··· Provided entries

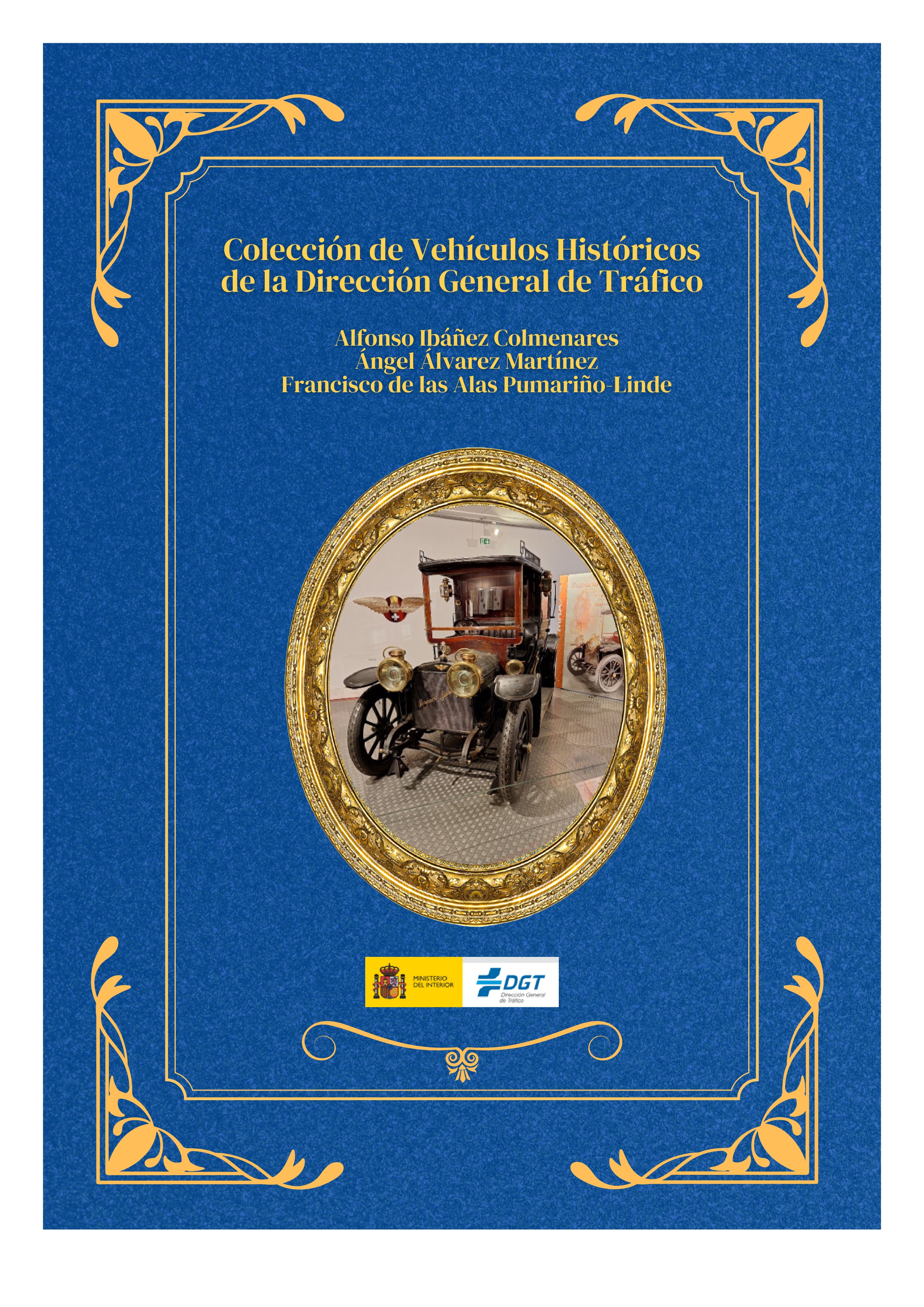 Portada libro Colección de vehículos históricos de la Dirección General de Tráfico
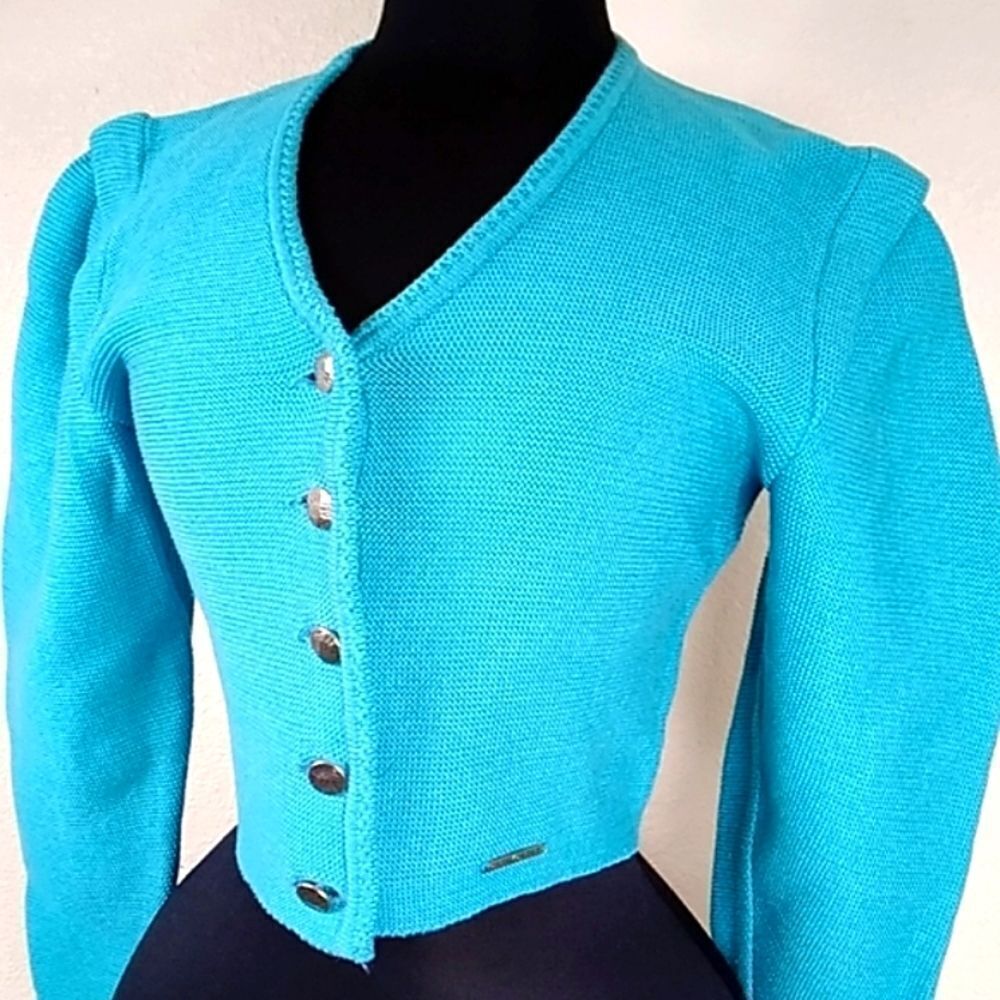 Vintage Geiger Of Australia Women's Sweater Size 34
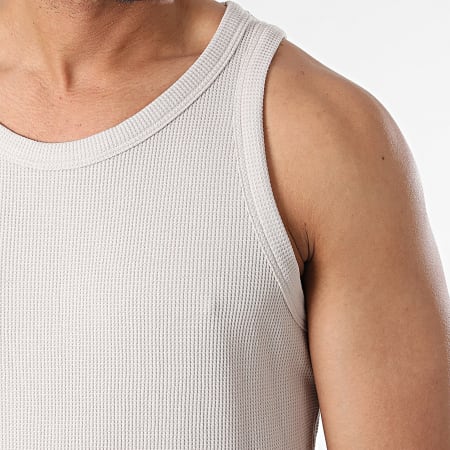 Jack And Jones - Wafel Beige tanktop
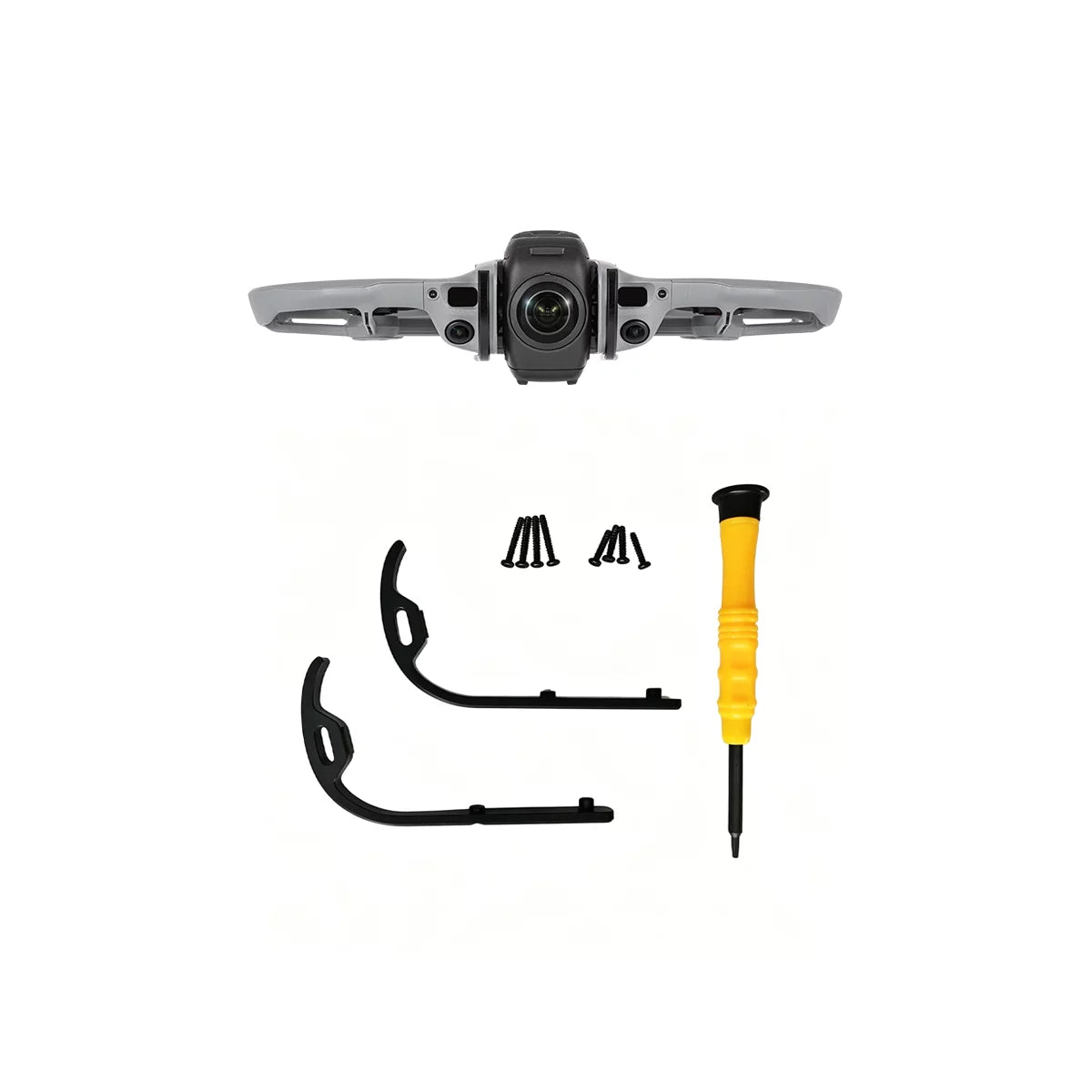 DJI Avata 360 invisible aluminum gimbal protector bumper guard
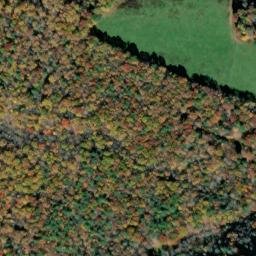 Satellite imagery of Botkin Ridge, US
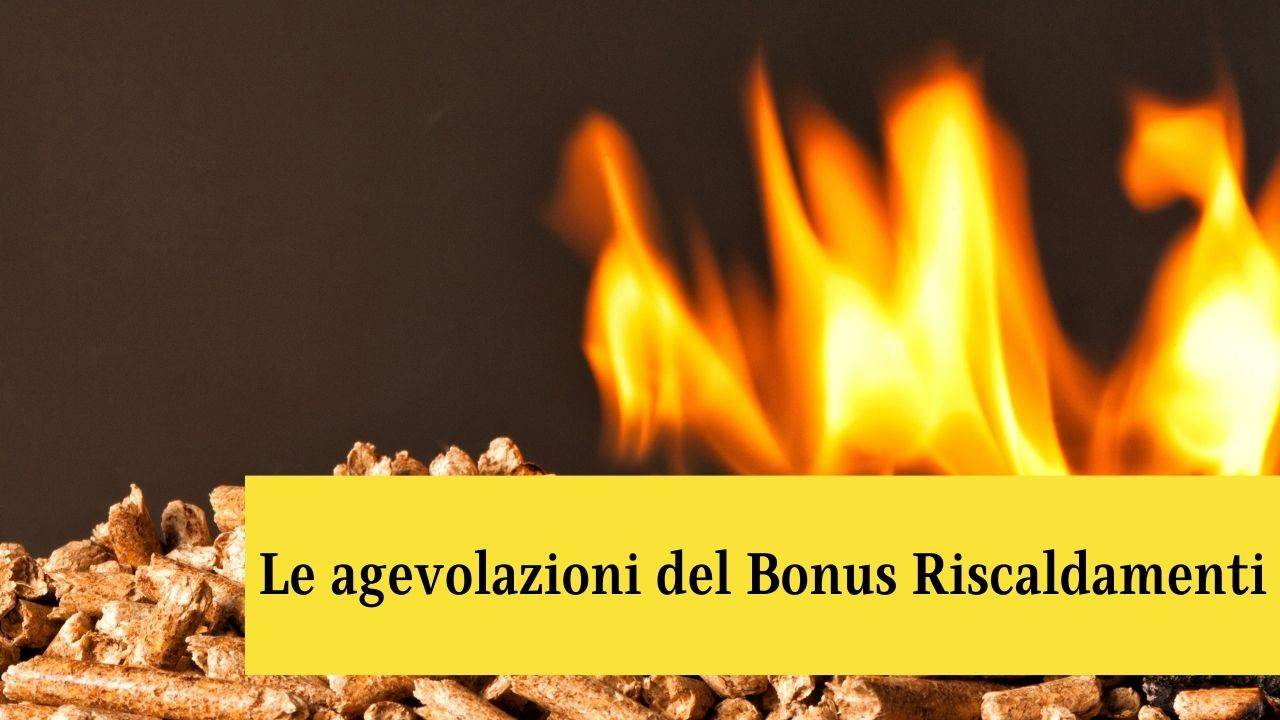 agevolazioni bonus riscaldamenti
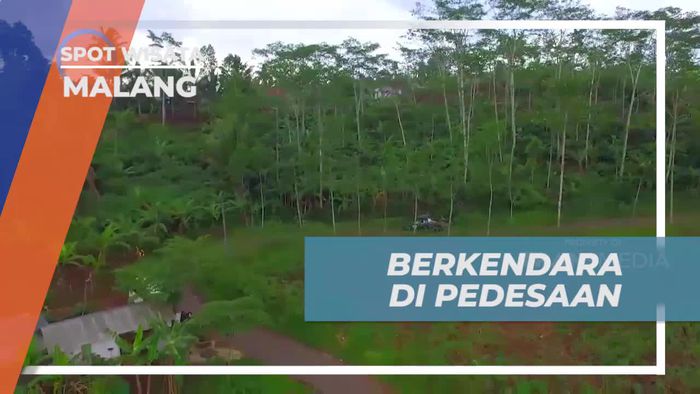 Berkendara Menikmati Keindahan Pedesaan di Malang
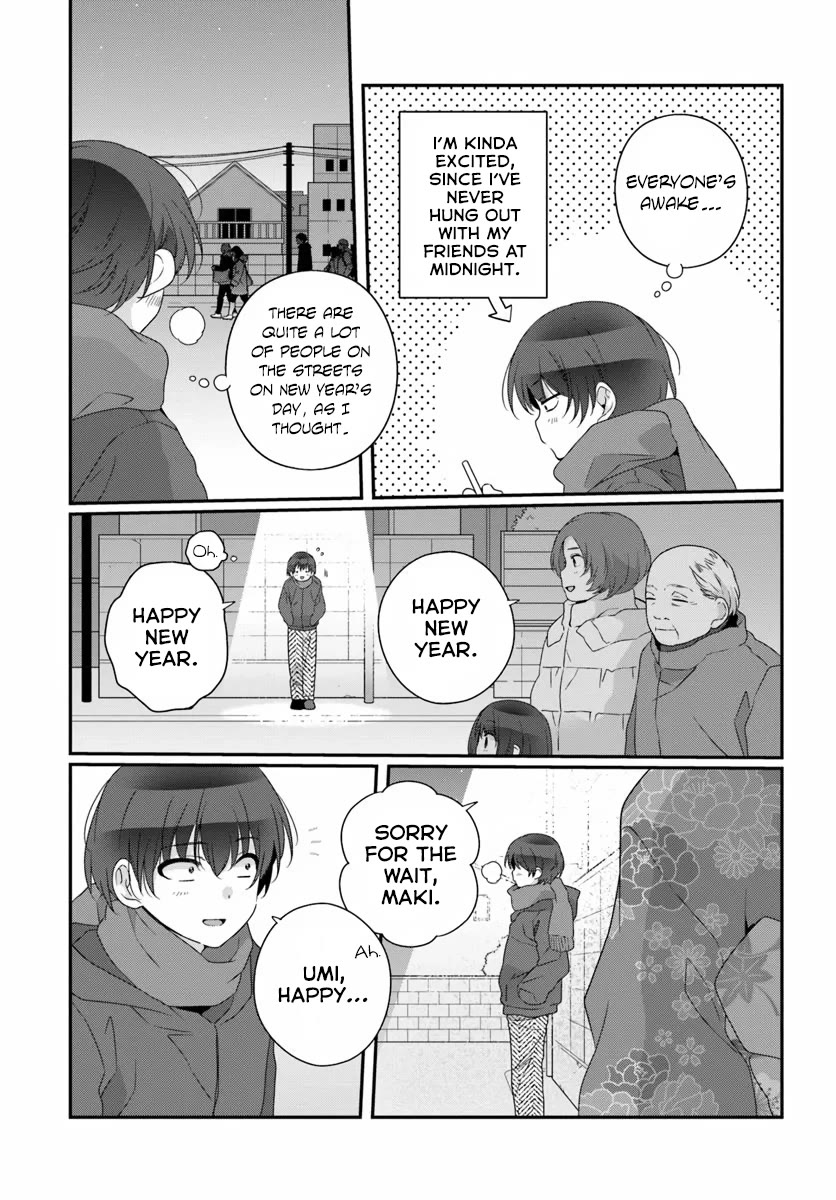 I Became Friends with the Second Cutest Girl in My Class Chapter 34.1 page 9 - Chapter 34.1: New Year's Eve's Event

······

Pictures are to be left out; the answer must otherwise be exactly the lines from the one with "Vintage Geiger Of" through the final line of the entries above, both included.

[Exercise result]
 Vintage Geiger Of Australia Women's Sweater Size 34
 Jack And Jones - Wafel Beige tanktop
 DJI Avata 360 invisible aluminum gimbal protector bumper guard
 Satellite imagery of Botkin Ridge, US
 agevolazioni bonus riscaldamenti
 Berkendara Menikmati Keindahan Pedesaan di Malang
 I Became Friends with the Second Cutest Girl in My Class Chapter 34.1 page 9 - Chapter 34.1: New Year's Eve's Event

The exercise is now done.